「や〜ん、もう♪雄真ったら。チ・コ・ク・よ♥」



   遅れてくるといったろうが!!!そう叫ばずにはいられないが、そこを何とかぐっとこらる。

   しかし、彼の姿を見た瞬間、いくつもの青筋を立てる雄真であった。





はぴねす!
〜Magic & Fairy Tale〜
Tale1 バレンタインイヴ
占い師の憂鬱



   「な〜に〜?そんなに怖い顔して?」


   「気にするな・・・・・・お前のその格好にすこ〜し殺意を芽生えただけだ・・・・・・」

  
   「ふふっ♪・・・・・・かわいいでしょ?お気に入りなの♥」



   そういってその場でくるっっと一回転する。

   そして、短めのスカートがふわりと風をなでる。

   男としてはそこに目がいってしまうのは、ほぼ本能といってもよいか。

   彼が男だと聞いて、果たして信じるものはいるのだろうか。

   少なくとも雄真は動じないが、周りの 男の目を引いたことは確かである。




   現在の彼の格好は実に渋めの色を基調とした服装だ。

   白いブラウスに黒い短めのスカート、その上から紫色のカーディガンのようなものをはおっている。

   おしゃれのアクセントとしてか、首に巻いた黒いリボンも特徴的だ。

   どこから見ても女の子らしい格好である。



   そんな彼の格好と今の行動を鑑みて、ふか〜いため息をつく。



   「今度はため息?なにくら〜い顔してんのよ」


   「お前はいいよな〜?服装からして女だもんよ。

    そりゃ〜抵抗ないよな〜・・・・・・そんなお前に俺の気持ちなんて・・・・・・」


   「あっ!雄真、もしかしてチョコレート売り場に行くの、恥ずかしいんだ〜。」


   「そりゃ、普通の男は恥ずかしいわい。」



   もちろん彼も年頃の男の子なのだから、周り中女の子だらけではそれはとても恥ずかしい。   

   もしかしたら、あらぬ誤解を受けてしまう可能性もある。

   救いの一つとしては、戦場の女豹たちが戦いに夢中で、彼に気がつかない、

   というなんとも他力本願的な道しか残されていない。



   「まあ、そうよねぇ〜・・・・・・」



   口元に指を当てながら、少し思案顔の準。

   ここで某メカニックがいたのなら、こう叫んでいたに違いない。

   “こんなこともあろうかと”と・・・・・・。

   実際に準はそんな顔をしている。



   「でもね、あたしに任せて!実はね・・・・・・雄真がそう言うと思って

    ちゃ〜んと秘策を用意してきたの」


   「なんだって!?」


   「そうか、準、誤解して悪かった。やはりお前は俺の朋友だ」


   「いいの、わかってくれたのならそれで・・・・・・」



   なんだかヒジョーにキケンな橋を渡ろうとしているように見えるが、

   実際にはそんなことは起こりえないので、一つ演出として、大目に見ていただきたい。

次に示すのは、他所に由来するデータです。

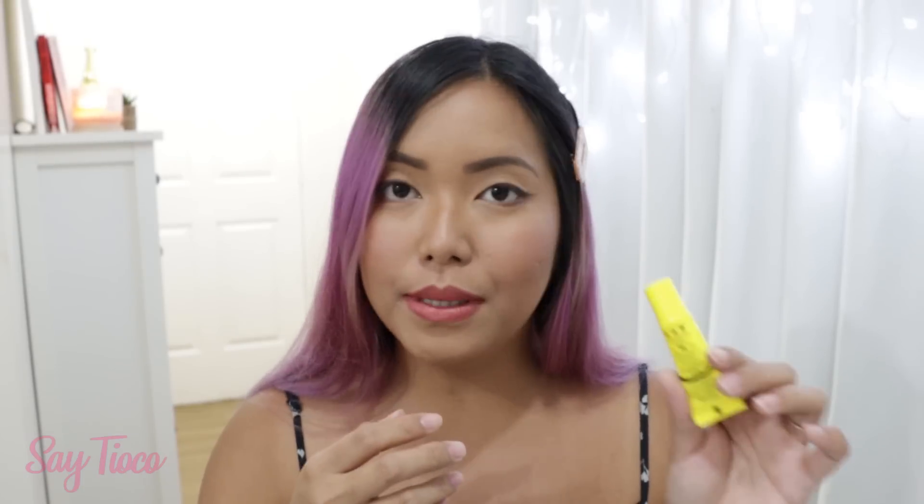I used this when I was in Japan and girl, I love it so much. It's not the type of lip balm where you feel like that — but no. I actually used this before I applied lipstick and I love it.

   しかし、これがムッサイ男と男じゃなくてホントによかった。

   ただし、片方は女の子にしか見えない男の子、片方は美形の快男児。

   腐女子受けするのは確実であろう。

   ともかく、雄真は準がちゃんと自分の事を考えてくれたので、えらく感動したようだ。



   「で、その秘策とは?」


   「ふふふ・・・・・・それわ・・・・・・」


   「それは・・・・・・?」


   「シンデレラだいさくせ〜〜〜〜ん♪というわけで、はい、コレ♪」


   「ん?なんだ?この紙袋は・・・・・・な、なに!?こ、これは!!!!?」



   おもむろに準は紙袋を雄真に渡す。

   かなり重量感を感じるが、そこを無視しつつ、紙袋を開く。

   あふれんばかりの輝きを放ちつつ、その中に入っていたものとは・・・・・・!?



   「ふわふわフリルに女の子がたっぷり、スイートピンクのブラウス、

    オシャレの要はスカートでしょ!レース使いのティアードスカートに挑戦、

    ティアードにはブーツがよく似合う、キャメルのロングブーツ、

    ファー付コートでオシャレも寒さも対策バッチリ♪身も心もフワフワ♪

    あとね、これがインナーだから、カップはAあれば大丈夫よね♪」


   「まあ、ステキっ!これで私も舞踏会にいけるのねっ♪」


   「これで万事オッケーよ♪」


   「っっっんなわけあるかっ!!!!!」


   「いっった〜〜〜い!!ノったくせ にぃ・・・・・・」



   早い話が、“雄真女装セット”であ る。

   これが準の考え付いた、戦場対策である。

   しかし、雄真のノリツッコミにより、その思惑は完璧に頓挫してしまった。



   「おまえは俺に男を捨てろってのか?ん?」


   「いたたたたた・・・・・・ぐりぐりはんた〜〜〜い!!!」



   準の意見は無視しつつ、こめかみにこぶしを当て、グリグリと腕を回す。

   格闘術を習っていたため、その腕力は半端ではないが、

   もちろん、彼はそれ相応の手加減は加えている。

   毎回準が何かをやらかしたときは、お仕置きと称し、雄真はぐりぐり攻撃を行うのである。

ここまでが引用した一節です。